Os autores do relatório destacam que, hoje, apenas 27% dos centros urbanos são classificados como "moderadamente verdes", e muitas pessoas ainda dependem do ar-condicionado para resfriamento. O equipamento foi responsável, em 2020, por 900 bilhões de toneladas de emissões de dióxido de carbono e por 24 mil mortes por exposição ao PM2,5, partículas poluentes muito finas que acabam aspiradas para os pulmões. "O redesenho urbano que coloca a saúde em primeiro lugar pode fornecer mais espaços verdes que reduzem o calor urbano, melhoram a qualidade do ar e beneficiam a saúde física e mental", diz o texto.
Avanços
Dados da sétima edição do relatório Lancet Countdown on Health and Climate Change mostram que, apesar da aposta insistente do setor de energia em combustíveis fósseis, há motivos para acreditar em melhorias. Por exemplo: embora a geração total de energia limpa seja insuficiente, atingiu níveis recordes em 2020, e as fontes de carbono zero representaram 80% do investimento em métodos de geração de eletricidade no ano seguinte.

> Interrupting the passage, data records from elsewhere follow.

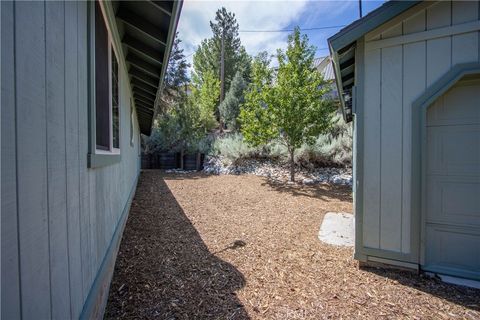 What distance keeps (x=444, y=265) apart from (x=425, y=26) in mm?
2771

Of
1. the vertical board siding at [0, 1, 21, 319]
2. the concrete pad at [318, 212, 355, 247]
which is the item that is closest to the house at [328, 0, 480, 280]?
the concrete pad at [318, 212, 355, 247]

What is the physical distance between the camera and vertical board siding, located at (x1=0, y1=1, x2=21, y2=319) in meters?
0.82

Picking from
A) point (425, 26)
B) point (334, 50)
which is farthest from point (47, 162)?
point (425, 26)

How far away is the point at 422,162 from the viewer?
2.89 meters

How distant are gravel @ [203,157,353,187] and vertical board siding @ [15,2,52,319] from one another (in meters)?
9.07

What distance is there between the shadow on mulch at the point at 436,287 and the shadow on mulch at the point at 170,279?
1768mm

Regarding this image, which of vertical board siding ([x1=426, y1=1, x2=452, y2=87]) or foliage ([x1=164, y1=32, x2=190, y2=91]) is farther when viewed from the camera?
foliage ([x1=164, y1=32, x2=190, y2=91])

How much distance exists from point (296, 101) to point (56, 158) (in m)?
8.31

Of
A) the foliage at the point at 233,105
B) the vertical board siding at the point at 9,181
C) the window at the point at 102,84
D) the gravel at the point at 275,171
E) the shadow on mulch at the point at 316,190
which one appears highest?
the foliage at the point at 233,105

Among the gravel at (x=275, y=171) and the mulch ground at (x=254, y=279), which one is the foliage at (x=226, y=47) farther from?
the mulch ground at (x=254, y=279)

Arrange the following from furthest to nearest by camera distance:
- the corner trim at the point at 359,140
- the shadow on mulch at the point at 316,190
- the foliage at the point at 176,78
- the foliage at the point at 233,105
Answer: the foliage at the point at 233,105 < the foliage at the point at 176,78 < the shadow on mulch at the point at 316,190 < the corner trim at the point at 359,140

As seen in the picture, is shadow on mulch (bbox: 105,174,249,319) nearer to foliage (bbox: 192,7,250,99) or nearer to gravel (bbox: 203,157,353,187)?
gravel (bbox: 203,157,353,187)

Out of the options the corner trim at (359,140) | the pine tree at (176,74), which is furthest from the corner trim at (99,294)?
the pine tree at (176,74)

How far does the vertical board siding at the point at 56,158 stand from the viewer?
3.92ft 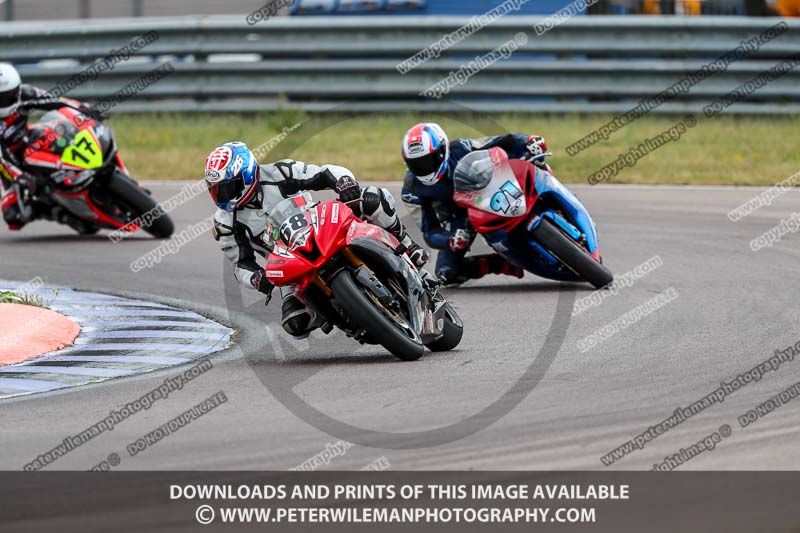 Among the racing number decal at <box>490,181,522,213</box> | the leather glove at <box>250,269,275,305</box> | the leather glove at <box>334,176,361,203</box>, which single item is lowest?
the racing number decal at <box>490,181,522,213</box>

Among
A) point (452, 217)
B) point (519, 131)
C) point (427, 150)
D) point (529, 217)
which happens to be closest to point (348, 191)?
point (427, 150)

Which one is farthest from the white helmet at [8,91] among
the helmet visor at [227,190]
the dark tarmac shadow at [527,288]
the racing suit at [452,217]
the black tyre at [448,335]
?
the black tyre at [448,335]

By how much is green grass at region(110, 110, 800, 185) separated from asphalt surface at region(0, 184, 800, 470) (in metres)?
5.83

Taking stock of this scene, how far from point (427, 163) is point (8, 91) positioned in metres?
5.70

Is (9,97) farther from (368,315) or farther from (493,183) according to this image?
(368,315)

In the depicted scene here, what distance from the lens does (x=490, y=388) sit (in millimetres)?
7750

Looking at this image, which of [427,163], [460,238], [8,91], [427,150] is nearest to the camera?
[427,150]

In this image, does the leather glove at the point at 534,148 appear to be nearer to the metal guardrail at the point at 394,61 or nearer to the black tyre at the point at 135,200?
the black tyre at the point at 135,200

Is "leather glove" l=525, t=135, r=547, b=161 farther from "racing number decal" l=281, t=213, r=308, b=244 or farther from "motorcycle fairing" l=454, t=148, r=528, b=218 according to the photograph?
"racing number decal" l=281, t=213, r=308, b=244

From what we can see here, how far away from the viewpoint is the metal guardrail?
20297 mm

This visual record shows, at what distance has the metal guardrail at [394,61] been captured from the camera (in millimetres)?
20297

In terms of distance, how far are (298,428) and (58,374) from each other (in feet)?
7.51

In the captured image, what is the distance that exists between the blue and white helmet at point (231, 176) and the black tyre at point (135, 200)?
19.0 ft

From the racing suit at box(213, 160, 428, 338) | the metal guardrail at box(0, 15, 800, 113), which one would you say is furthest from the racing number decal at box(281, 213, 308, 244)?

Pela primeira vez, o emprego direto e indireto em renováveis excedeu o da indústria de extração de combustível fóssil. "O próprio setor da saúde, embora ainda responsável por 5,2% de todas as emissões globais, demonstrou uma liderança climática impressionante, e 60 países se comprometeram a fazer a transição para sistemas de saúde resilientes ao clima e/ou com baixo ou zero carbono líquido na COP26 (realizada na Escócia, em 2021)", indica o texto.

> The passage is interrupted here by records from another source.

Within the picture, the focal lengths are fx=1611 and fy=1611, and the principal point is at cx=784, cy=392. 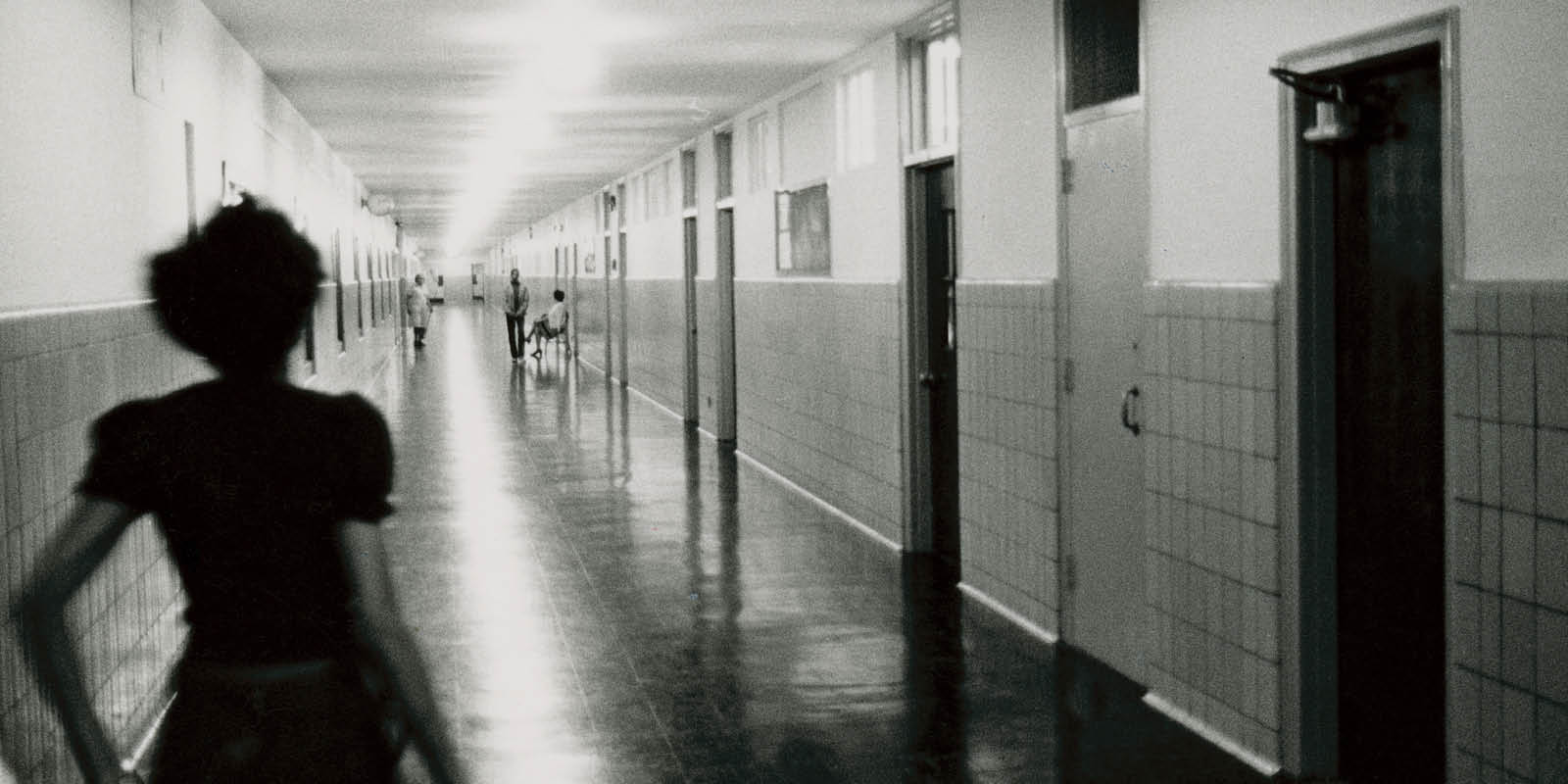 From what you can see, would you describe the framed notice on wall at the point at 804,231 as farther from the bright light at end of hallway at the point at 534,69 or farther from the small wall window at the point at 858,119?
the bright light at end of hallway at the point at 534,69

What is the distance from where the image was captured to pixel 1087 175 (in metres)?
5.78

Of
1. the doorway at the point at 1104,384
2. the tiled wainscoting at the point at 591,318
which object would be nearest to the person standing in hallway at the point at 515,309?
the tiled wainscoting at the point at 591,318

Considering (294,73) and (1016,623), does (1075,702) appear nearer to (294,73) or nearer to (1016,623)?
(1016,623)

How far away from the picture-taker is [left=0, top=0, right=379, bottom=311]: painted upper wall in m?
3.82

"O mundo está em um momento crítico. Nosso compromisso global de reduzir os combustíveis fósseis está muito fora do caminho. Devemos mudar, caso contrário nossos filhos enfrentarão um futuro de mudanças climáticas aceleradas, ameaçando a própria sobrevivência", diz o professor Anthony Costello, copresidente do projeto Lancet Countdown. "Uma resposta centrada na saúde para as crises atuais ainda ofereceria a oportunidade de proporcionar um futuro saudável, resiliente e de baixo carbono, onde pessoas de todo o mundo podem não apenas sobreviver, mas prosperar. Ainda há tempo para concretizar esse futuro se agirmos agora."